IN : Quels sont les outils que Salesforce a déjà été intégré sur Slack ?

O.N.V.T. : en août, soit le mois même de l’intégration officielle de la société Slack dans Salesforce, nous avons annoncé l’intégration de l’outil de collaboration avec Sales, Service, Marketing et Analytics (Tableau). Depuis le 21 septembre, la majorité des produits de Salesforce sont disponibles sur Slack comme Commerce, Experience, Platform, Trailhead, MuleSoft, Quip, Sustainability, Corporate & Investment Banking, Healthcare, Life Sciences, Philanthropy, Nonprofit et Education. Nous venons d’entamer un processus qui va se développer au fur et à mesure des mois qui viennent.

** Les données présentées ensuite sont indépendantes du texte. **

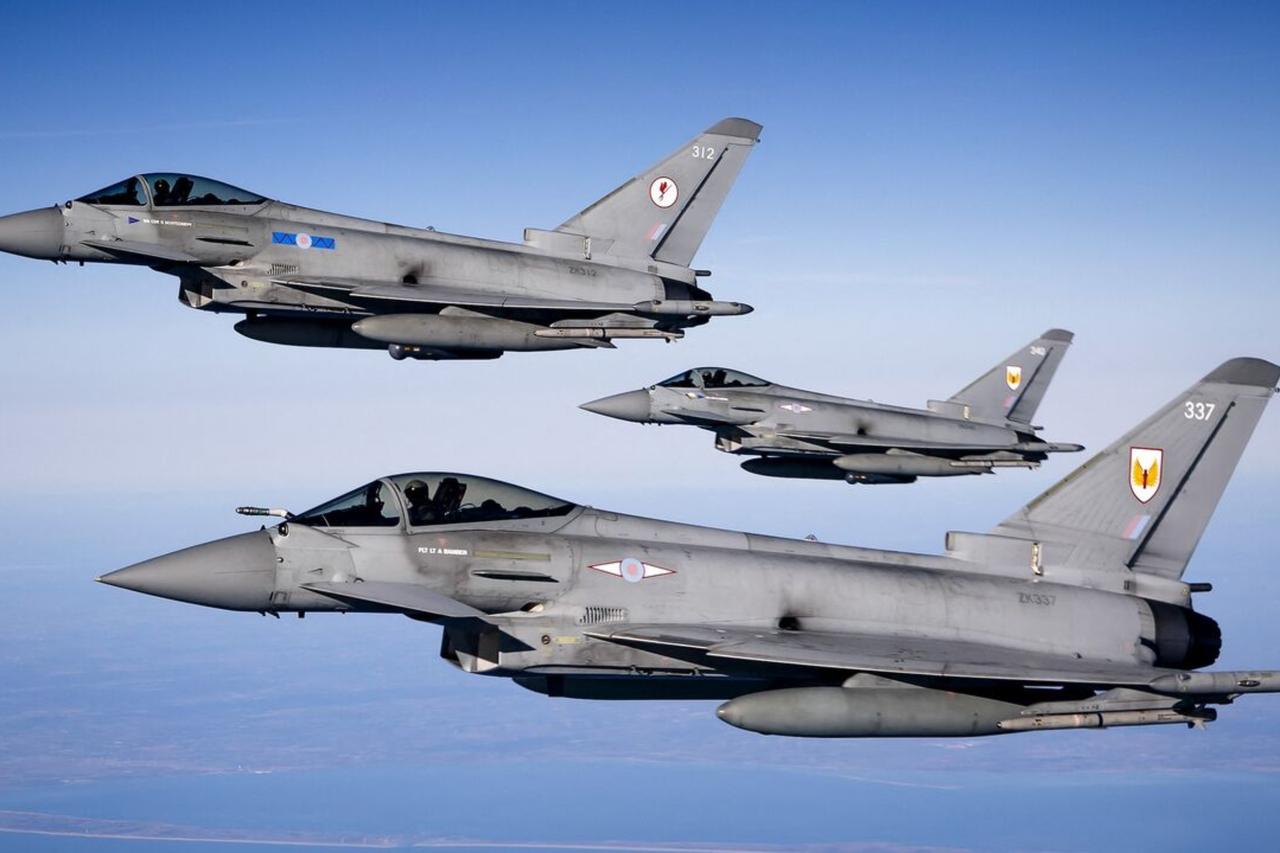 Eurofighter jet fighters from the United Kingdom fly over the North Sea after being refueled by an MRTT aircraft near Eindhoven on April 2, 2025. (AFP Photo)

IN : Slack peut-il rattraper le retard qu’il a pris sur Zoom, Teams et Meet ?

O.N.V.T. : on ne peut pas comparer Slack à ces applications car notre plateforme est avant tout un outil de collaboration au sein de l’entreprise et non pas uniquement un service de visioconférence et de chat.

IN : une récente étude du cabinet de conseil et d’audit McKinsey montre que 9 entreprises sur 10 ont prévu de mettre en place un modèle hybride.  Ce bouleversement profond et brutal va-il contraindre les sociétés à investir encore plus dans leur IT ?

O.N.V.T. : sans aucun doute. De nombreuses entreprises ont déjà commencé à adapter leurs outils pour s’adapter au modèle hybride. Des investissements conséquents ont été débloqués durant la pandémie. Mais je pense que cette digitalisation va encore s’accélérer. Le monde du travail a évolué. Les gens travailleront au bureau ou de leur domicile à Paris, en province ou à l’étranger. Pour leur permettre de toujours bien collaborer, les sociétés devront être sur le Cloud et adapter leurs outils pour qu’ils soient accessibles de partout et à tout moment. Slack va nous aider à atteindre cet objectif en ouvrant de nombreuses portes afin, notamment, de pouvoir automatiser, grâce à l’intelligence artificielle, de nombreuses tâches.